[ 
https://issues.apache.org/jira/browse/HBASE-10598?page=com.atlassian.jira.plugin.system.issuetabpanels:all-tabpanel
 ]

cuijianwei updated HBASE-10598:
-------------------------------

    Description: 
In our test environment, we find written data can't be read out occasionally. 
After debugging, we find that maximumTimestamp/minimumTimestamp of 
MemStore#timeRangeTracker might decrease/increase when 
MemStore#timeRangeTracker is updated concurrently, which might make the 
MemStore/StoreFile to be filtered incorrectly when reading data out. Let's see 
how the concurrent updating of timeRangeTracker#maximumTimestamp cause this 
problem. 
Imagining there are two threads T1 and T2 putting two KeyValues kv1 and kv2. 
kv1 and kv2 belong to the same Store(so belong to the same region), but contain 
different rowkeys. Consequently, kv1 and kv2 could be updated concurrently. 
When we see the implementation of HRegionServer#multi, kv1 and kv2 will be add 
to MemStore by HRegion#applyFamilyMapToMemstore in HRegion#doMiniBatchMutation. 
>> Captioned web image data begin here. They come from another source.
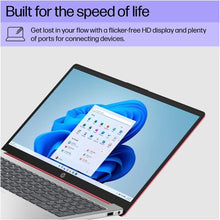 Load image into Gallery viewer, HP Laptop 15-FD + Intel Pentium + 16GB RAM / 128GB SSD – 15.6" Display
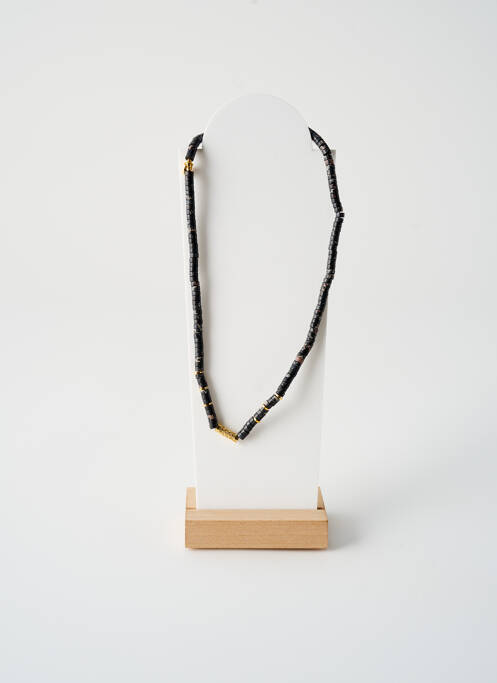 Colier negru ROSA PALMA femeie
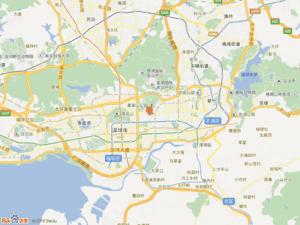 黄木岗小区图片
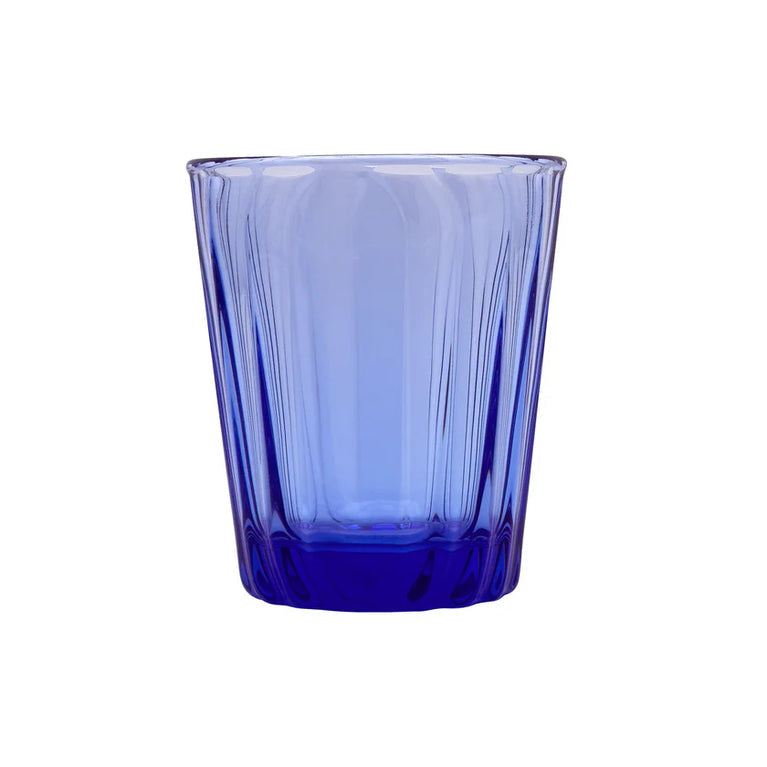 Set 6 Vasos Onde Azul 290ml - La Rochere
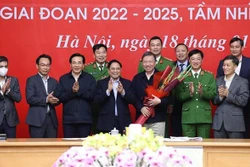 政府总理范明政：相信人民和企业积极响应人口数据库建设和国家数字化转型计划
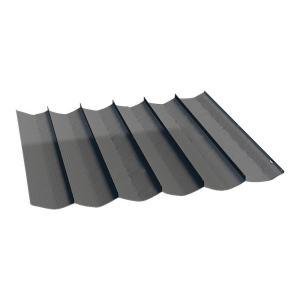 PLATINUM Faltsonnensegel Coolfit grau Polyethylen B/H/L: ca…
Then, MemStore#internalAdd will be invoked and MemStore#timeRangeTracker will 
be updated by TimeRangeTracker#includeTimestamp as follows:
{code}
  private void includeTimestamp(final long timestamp) {
     ...
    else if (maximumTimestamp < timestamp) {
      maximumTimestamp = timestamp;
    }
    return;
  }
{code}
Imagining the current maximumTimestamp of TimeRangeTracker is t0 before 
includeTimestamp invoked, kv1.timestamp=t1,  kv2.timestamp=t2, t1 and t2 are 
both set by user(then, user knows the timestamps of kv1 and kv2), and t1 > t2 > 
t0. T1 and T2 will be executed concurrently, therefore, the two threads might 
both find the current maximumTimestamp is less than the timestamp of its kv. 
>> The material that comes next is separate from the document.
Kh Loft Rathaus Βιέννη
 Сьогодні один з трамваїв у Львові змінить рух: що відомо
After that, T1 and T2 will both set maximumTimestamp to timestamp of its kv. If 
T1 set maximumTimestamp before T2 doing that, the maximumTimestamp will be set 
to t2. Then, before any new update with bigger timestamp has been applied to 
the MemStore, if we try to read out kv1 by HTable#get and set the timestamp of 
'Get' to t1, the StoreScanner will decide whether the MemStoreScanner(imagining 
kv1 has not been flushed) should be selected as candidate scanner by 
MemStoreScanner#shouldUseScanner. Then, the MemStore won't be selected because 
maximumTimestamp of the MemStore has been set to t2 (t2 < t1). Consequently, 
the written kv1 can't be read out and kv1 is lost from user's perspective.
If the above analysis is right, after maximumTimestamp of 
MemStore#timeRangeTracker has been set to t2, user will experience data lass in 
the following situations:
1. Before any new write with kv.timestamp > t1 has been add to the MemStore, 
read request of kv1 with timestamp=t1 can not read kv1 out.
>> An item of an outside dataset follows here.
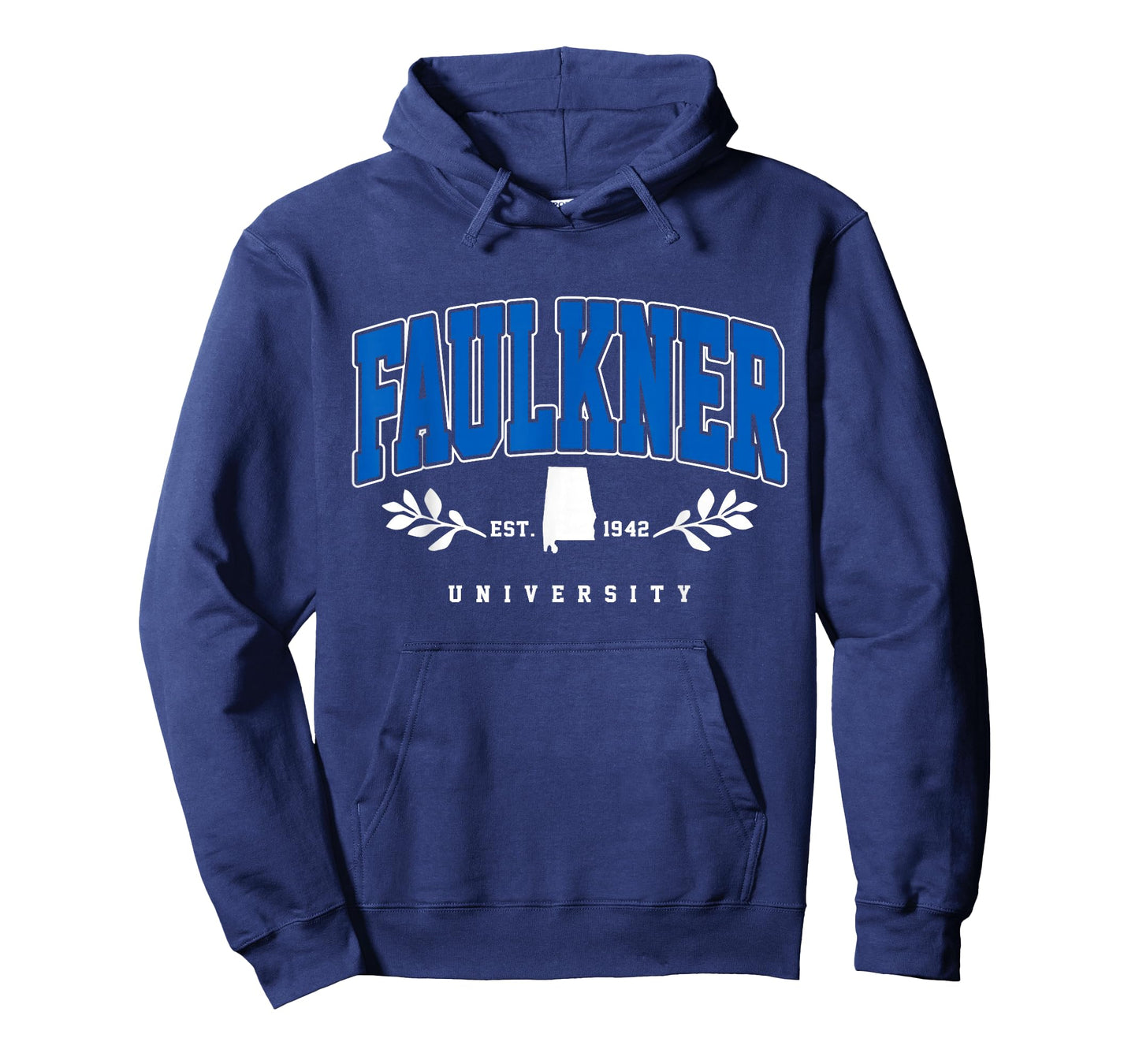 Faulkner Tech โ Vintage University Arch Tee for Men & Women T-Shirt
2. Before any new write with kv.timestamp > t1 has been add to the MemStore, if 
a flush happened, the data of MemStore will be flushed to StoreFile with 
StoreFile#maximumTimestamp set to t2. After that, any read request with 
timestamp=t1 can not read kv1 before next compaction(kv1.timestamp might also 
not be included in timeRange of StoreFile even after compaction).
The second situation is much more serious because the incorrect timeRange of 
MemStore has been persisted to the file. 
Similarly, the concurrent update of TimeRangeTracker#minimumTimestamp may also 
cause this problem.
As a simple way to fix the problem, we could add synchronized to 
TimeRangeTracker#includeTimestamp so that this method won't be invoked 
concurrently.

  was:
In our test environment, we find written data can't be read out occasionally. 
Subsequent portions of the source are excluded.